↓↓↓
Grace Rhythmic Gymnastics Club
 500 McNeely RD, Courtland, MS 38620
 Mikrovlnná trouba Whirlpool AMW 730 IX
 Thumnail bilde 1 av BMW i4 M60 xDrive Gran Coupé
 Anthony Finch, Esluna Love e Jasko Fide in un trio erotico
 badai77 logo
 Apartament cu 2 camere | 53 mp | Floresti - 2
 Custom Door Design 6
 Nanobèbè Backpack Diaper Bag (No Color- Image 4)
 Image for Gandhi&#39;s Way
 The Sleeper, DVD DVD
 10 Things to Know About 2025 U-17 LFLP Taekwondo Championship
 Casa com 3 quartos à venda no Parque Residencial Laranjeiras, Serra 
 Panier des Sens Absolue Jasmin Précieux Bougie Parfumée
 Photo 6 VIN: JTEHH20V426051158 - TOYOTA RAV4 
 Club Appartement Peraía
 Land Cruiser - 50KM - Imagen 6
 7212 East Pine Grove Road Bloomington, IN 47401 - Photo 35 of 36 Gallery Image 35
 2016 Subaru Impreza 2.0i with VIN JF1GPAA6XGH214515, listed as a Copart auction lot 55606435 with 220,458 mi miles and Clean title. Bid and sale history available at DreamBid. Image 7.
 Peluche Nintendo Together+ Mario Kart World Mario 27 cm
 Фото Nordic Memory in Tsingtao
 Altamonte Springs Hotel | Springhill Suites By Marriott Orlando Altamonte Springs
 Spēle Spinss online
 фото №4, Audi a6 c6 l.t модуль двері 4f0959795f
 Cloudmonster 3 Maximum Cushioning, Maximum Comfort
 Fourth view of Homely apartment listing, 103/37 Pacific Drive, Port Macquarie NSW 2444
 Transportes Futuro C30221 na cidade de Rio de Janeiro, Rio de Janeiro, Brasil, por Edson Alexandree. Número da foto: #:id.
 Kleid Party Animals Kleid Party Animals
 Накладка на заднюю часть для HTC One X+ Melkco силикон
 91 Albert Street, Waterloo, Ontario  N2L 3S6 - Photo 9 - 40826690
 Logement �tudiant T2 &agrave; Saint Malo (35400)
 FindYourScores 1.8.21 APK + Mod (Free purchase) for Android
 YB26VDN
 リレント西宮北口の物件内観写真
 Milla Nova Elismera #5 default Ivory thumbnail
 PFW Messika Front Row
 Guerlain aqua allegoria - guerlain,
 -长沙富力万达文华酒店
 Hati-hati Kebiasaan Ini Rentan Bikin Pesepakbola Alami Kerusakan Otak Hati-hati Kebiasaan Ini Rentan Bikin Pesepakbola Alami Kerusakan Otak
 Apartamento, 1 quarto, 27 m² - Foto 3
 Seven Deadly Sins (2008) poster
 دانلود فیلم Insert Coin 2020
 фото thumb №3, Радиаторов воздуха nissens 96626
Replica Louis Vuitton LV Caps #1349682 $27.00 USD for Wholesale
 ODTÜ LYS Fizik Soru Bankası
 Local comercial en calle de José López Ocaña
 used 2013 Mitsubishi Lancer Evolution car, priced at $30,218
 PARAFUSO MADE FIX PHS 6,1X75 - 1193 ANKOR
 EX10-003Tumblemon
↑↑↑
* **Your instructions**: Output the lines of the records above exactly as they appear, from the line containing "Apartament cu 2" through the line containing "Panier des Sens".

* **Answer**:
 Apartament cu 2 camere | 53 mp | Floresti - 2
 Custom Door Design 6
 Nanobèbè Backpack Diaper Bag (No Color- Image 4)
 Image for Gandhi&#39;s Way
 The Sleeper, DVD DVD
 10 Things to Know About 2025 U-17 LFLP Taekwondo Championship
 Casa com 3 quartos à venda no Parque Residencial Laranjeiras, Serra 
 Panier des Sens Absolue Jasmin Précieux Bougie Parfumée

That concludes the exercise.